Üniversiteye girişte bu yıl üçüncü kez uygulanacak Yükseköğretim Kurumları Sınavı (YKS) için geri sayım başladı. 27 ve 28 Haziran’da yapılacak olan YKS ile birlikte adaylar, okumak istedikleri bölüme girmek için TYT, AYT ve YDT sınavlarında ter dökecekler. Sınava kısa bir süre kala adaylara son tavsiyelerde bulunan İstanbul Gelişim Üniversitesi Rehberlik Uzmanı Elif Aluç Gülşen, heyecan, stres ve kaygının normal olarak sürece dâhil olan etkenler olduğunu hatırlatarak, öğrencileri kaygı durumlarını sınav anında kontrol etmeleri noktasında uyardı.

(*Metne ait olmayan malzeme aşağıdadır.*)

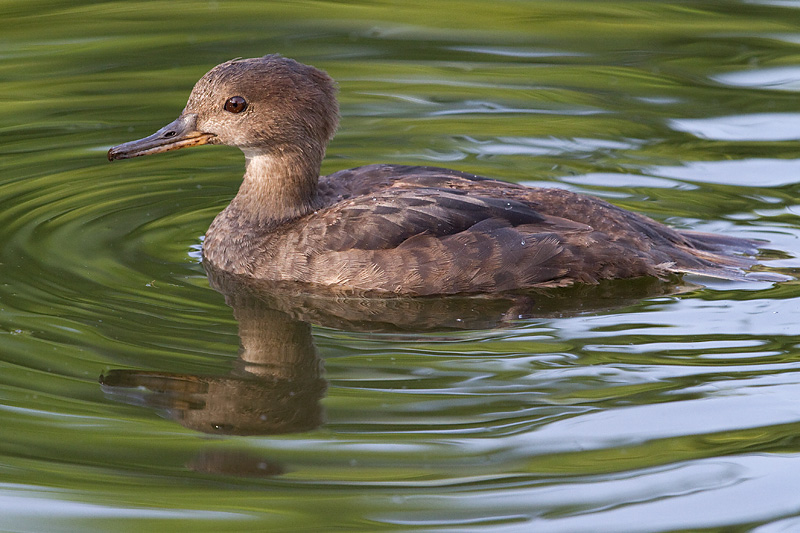 hooded merganser 256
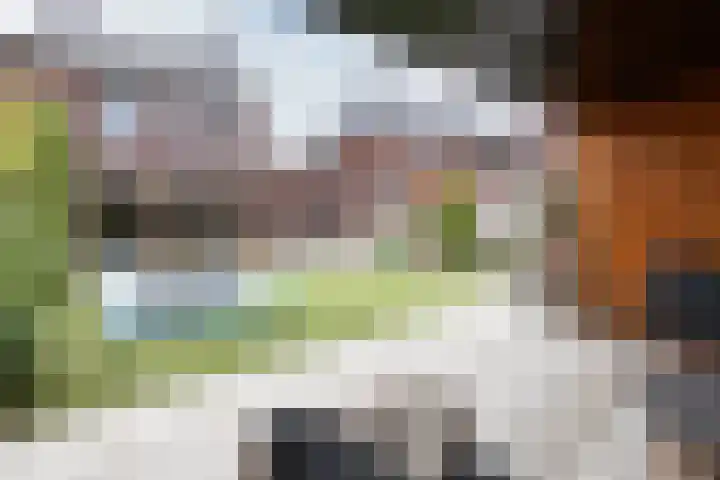 Kulturweide 11 Babberich thumbnail 62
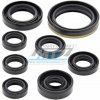Vertex Gufera sada (simerinky celý motor) Yamaha YZF250/01-13 + WRF250/01-14 + Gas-Gas EC250F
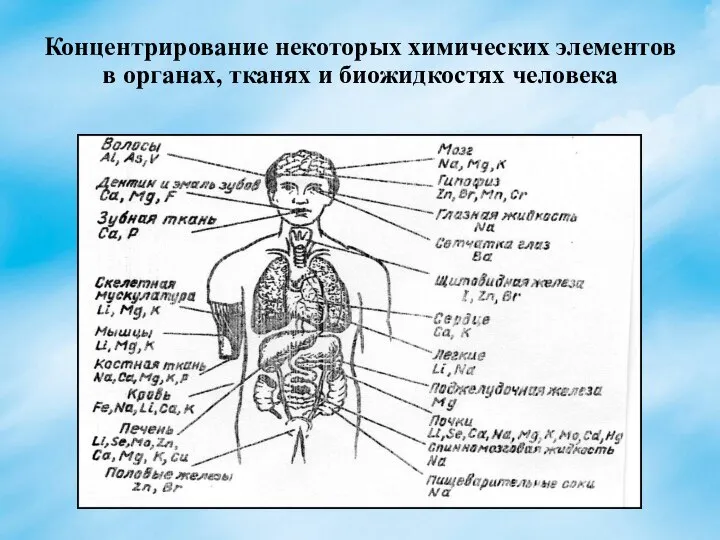 Концентрирование некоторых химических элементов в органах, тканях и биожидкостях человека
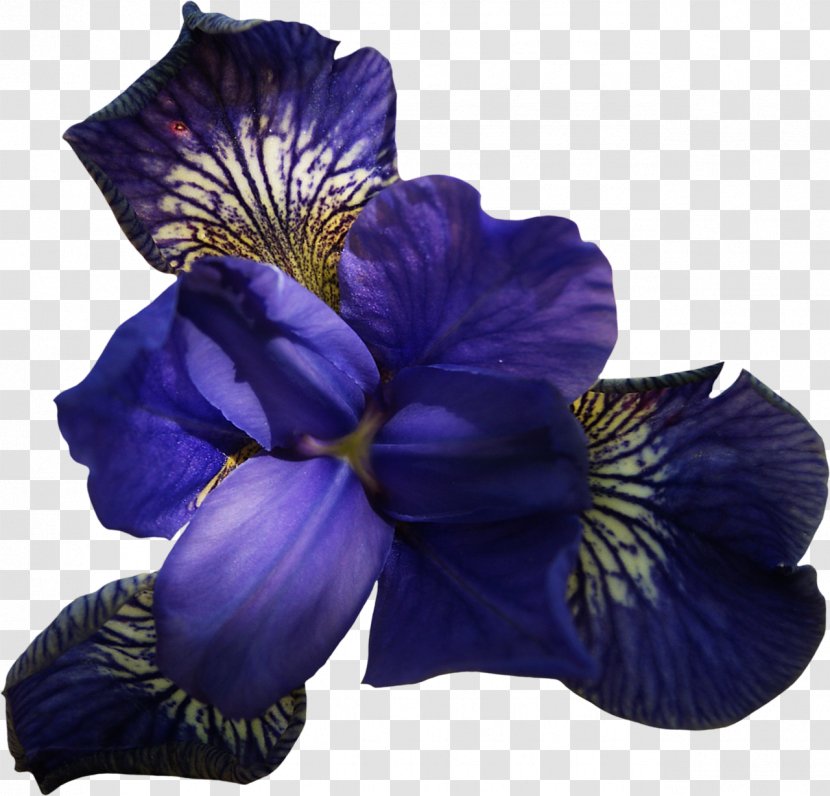 Flower Violet Pansy Clip Art - Blumen Transparent PNG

Lisans programlarına yerleşecek öğrenci sayısında artış bekleniyor
Öncelikle YKS’deki değişiklikleri anlatan Gülşen, “Öğrenciler 12. sınıf ikinci döneminden sorumlu olmayacaklar. Böylece daha az konudan sorumlu olacakları için bu zamana kadar mevcut çalışmış oldukları konulara daha iyi çalışma fırsatı bulacaklar. YKS’nin ilk oturumu olan Temel Yeterlilik Testi (TYT) için 120 soruya, 135 dakikalık bir süre veriliyordu. Bu süre 30 dakika daha arttırıldı. TYT kısmında daha çok zaman önemli olduğu için bu değişiklik olumlu yönde oldu. Soruları yetiştirme sıkıntısı çekmeyen öğrenciler, yaptıkları soruları kontrol etme şansı bulacaktır. Bu noktada öğrencilerin telaşlanacağı bir durum yok. Alan Yeterlilik Testi(AYT) kısmında ise baraj değişikliği oldu. Daha önce 180 olarak belirlenmiş olan AYT barajı 170’e çekildi. Bu durum her ne kadar birtakım öğrencilerin tepkisine neden olsa da 400 ve üstü puan alan öğrencileri etkileyecek bir durum söz konusu değil” dedi.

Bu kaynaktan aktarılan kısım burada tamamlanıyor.